A central element of the design is the Accord's long cabin area, or greenhouse. Taking advantage of the car's added length, Honda designers moved the leading edge of windshield forward 150 mm (nearly six inches) and raked the glass back at a sharper angle. This shortened the hood, giving it a more aggressive look while softening the transition between the hood and windshield lines. Additional cabin length was added in the rear as well, allowing for a sharply swept rear glass without compromising rear seat headroom.
The front of the new Accord is rounded and set off by clear-lens, flush headlights that accentuate its width and add sparkling counterpoints to the flush bumper and front skirt. These halogen headlights are a new Honda design. Unlike conventional lamps, which focus the light through the lens, these have a clear lens and the light is directed by the faceted reflector.
The surface of the new Accord is nearly flush; there's just a 3 mm (0.12 in.) difference between glass and metal planes. Extensive wind tunnel testing was done to reduce wind noise, particularly along the A-pillars and top front corners of the car.
The Accord's profile is defined by a subtle character line which curves smoothly along the upper body, uniting the rounded front with the squared-off rear portion of the car. The side window frames accentuate the glass-to-metal relationship. (Glass area has been increased substantially: the windshield by 20 percent, the side windows by 17 percent and the rear window by 14 percent.) These elements combine with the Accord's short front and rear overhangs, wide stance, larger wheels and tires, and long wheelbase to give it a distinct personality and strong visual authority.

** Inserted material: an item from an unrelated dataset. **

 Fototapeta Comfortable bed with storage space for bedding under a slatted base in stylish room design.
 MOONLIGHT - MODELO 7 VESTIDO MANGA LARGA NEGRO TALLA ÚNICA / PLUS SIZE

The rigidity of the Accord's unit-body has been increased, in every axis, through a combination of design refinement and the use of heavier gauge panels in high-load areas and the suspension mounting structure. The greater stiffness of the platform results in improved ride and responsive handling, reduced noise and vibration, and gives the car a solid, high-quality feel.
The body's torsional rigidity is increased by 20 percent and its bending rigidity by 30 percent. Equal or greater improvements in structural integrity were realized by redesigning the doors, floor pan, side sills, pillar cross sections, and the hood and deck lids. The doors, in particular, were strengthened to accommodate the larger windows, and the thickness of their outer skin was increased. New latch mechanisms were designed so that the doors close easily with a solid, high-quality sound.
Since the glass area of the new Accord's windshield is considerably larger than before, a new, completely integrated, modular windshield wiper system was designed. It incorporates a more powerful motor, linkage and other components into a single, modular unit contained in a lightweight aluminum frame. Air flow data was used to locate the windshield washer nozzles to minimize disturbance caused by vehicle speed.
Anew, more compact framework was designed for the moonroof, a standard feature of the Accord EX Sedan and Coupe. Its components are arranged in a single plane rather than in layers, making it 13 mm (0.51 in.) thinner, thus providing that much more headroom.
Corrosion resistant materials and special treatments are used in 85 percent of the Accord's body, with primer and paint covering the rest of its surface area. These include galvanized steel, zinc phosphate coating, urethane foam, and the injection of anti-rust wax. In areas particularly prone to corrosion, plastic and resin components are used; the fuel filler door, for example, is a thick, one-piece plastic moulding. Resin panels and splash shields line the entire lower perimeter of the car, from the bumpers to the side sills and inside the wheelwells, for further corrosion protection.
A major design priority was the elimination of flanges. These are exterior seams, often seen in the underbody and beneath the side sills, that are difficult to treat for corrosion resistance and are susceptible to rust. Instead, most of the Accord' s exterior body and chassis panels are joined by overlapping them so that flange joints are not necessary.